As you can see the numbers 9 are close together which means that it is caliber 9.

Then, I rotate it in the horizontal plane 180degrees each and I get numbers 10 together which means that it is caliber 10:









Then I rotate them both upside down and I get caliber 11...:









...and again turning them for 180 degrees in the horizontal plane I finaly get caliber 8:









It has these two metal rods which when place thorugh both part holds them very precisely in place (the precision is in microns here).
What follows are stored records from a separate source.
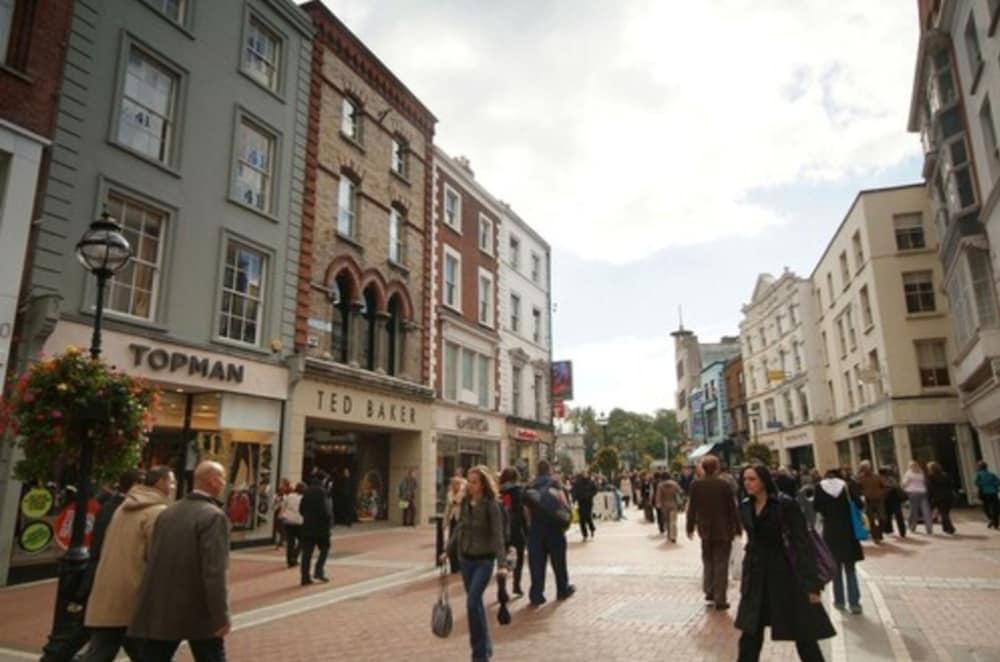 Camden Court Hotel Dublin Kültér fotó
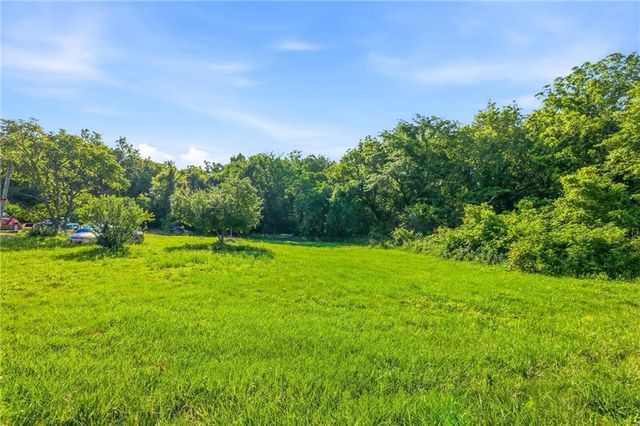 22207 S Excelsior Road, Harrisonville, MO 64701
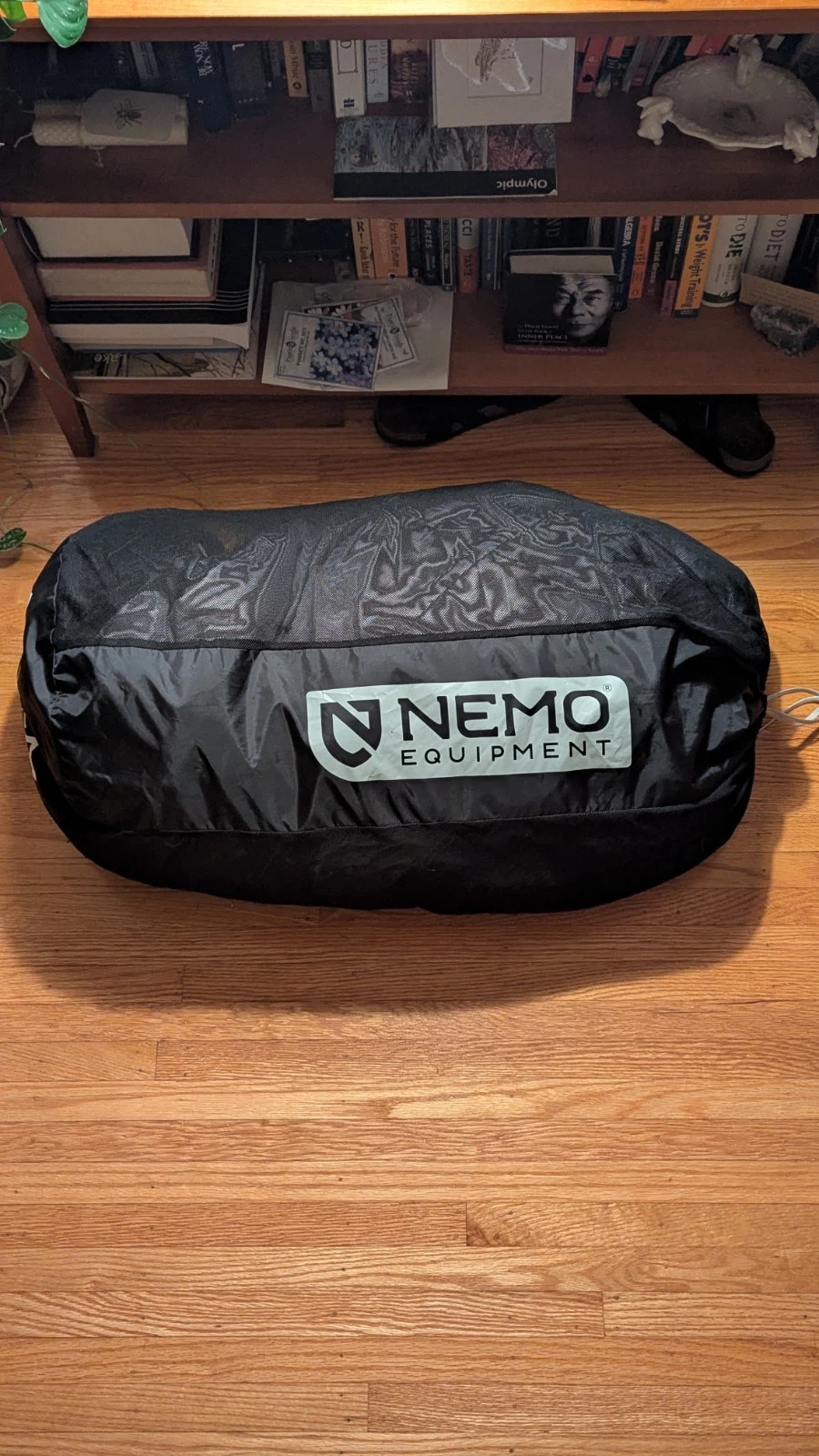 --NEW-- NEMO Equipment Tempo Mens Reg Synthetic Sleeping Bag Yellow 35°F / 2°C
Opens in a new window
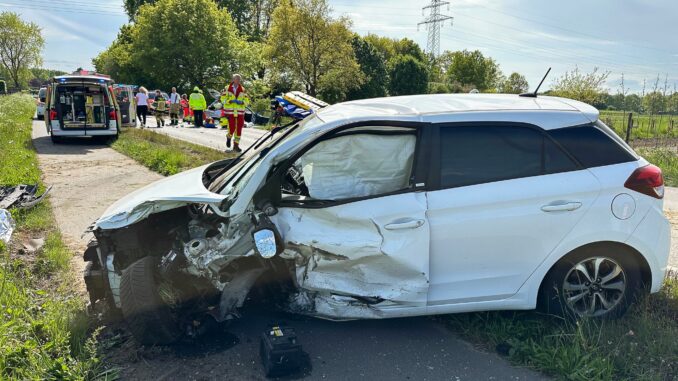 Tödlicher Unfall in Wedel Zwei Frauen sterben nach einem Frontalcrash unweit von Wedel.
Here is how the proces of moldin goes. This is my basic equipment: gas burner, a masons pot that I use to melt lead and a "brenner" (German word) which burns gas in a blue pointed flame developing high temperature (sorry I do not know the word in English, but it is the orange thing in the picture):









I use the "brenner" both to melt lead faster (although the pot sits on the flame it is not enough), to pre-heat the mold but only for first two rounds; after that mould gets worm enough and I alsu use it to keep lead high temperature during pouring (one hand pours, other holds the brenner but I could not take a picture of it since I do not have three hands..):









This is how the mold looks like after pouring the lead in, caliber 10 in this case:









This is how it looks when I open it, notice the molded parts:









The I get them out and they look like this:









Then I use this thing which these guys in the metal workshot modified for me to cut off the unwonted parts:

















The cut-off parts I recycle back into the masons' pot:









Here is the final result, the pile on the right is caliber 10, the pile on the left is caliber 9:









In the end I use some sanding papaer to rub the parts where the cut was:









This cost me some 50 $ and I plan to have another mold made with calibers 7, 12, 12.7 and 13 - I guess that would be good to do but if anyone has better suggestion please tell me.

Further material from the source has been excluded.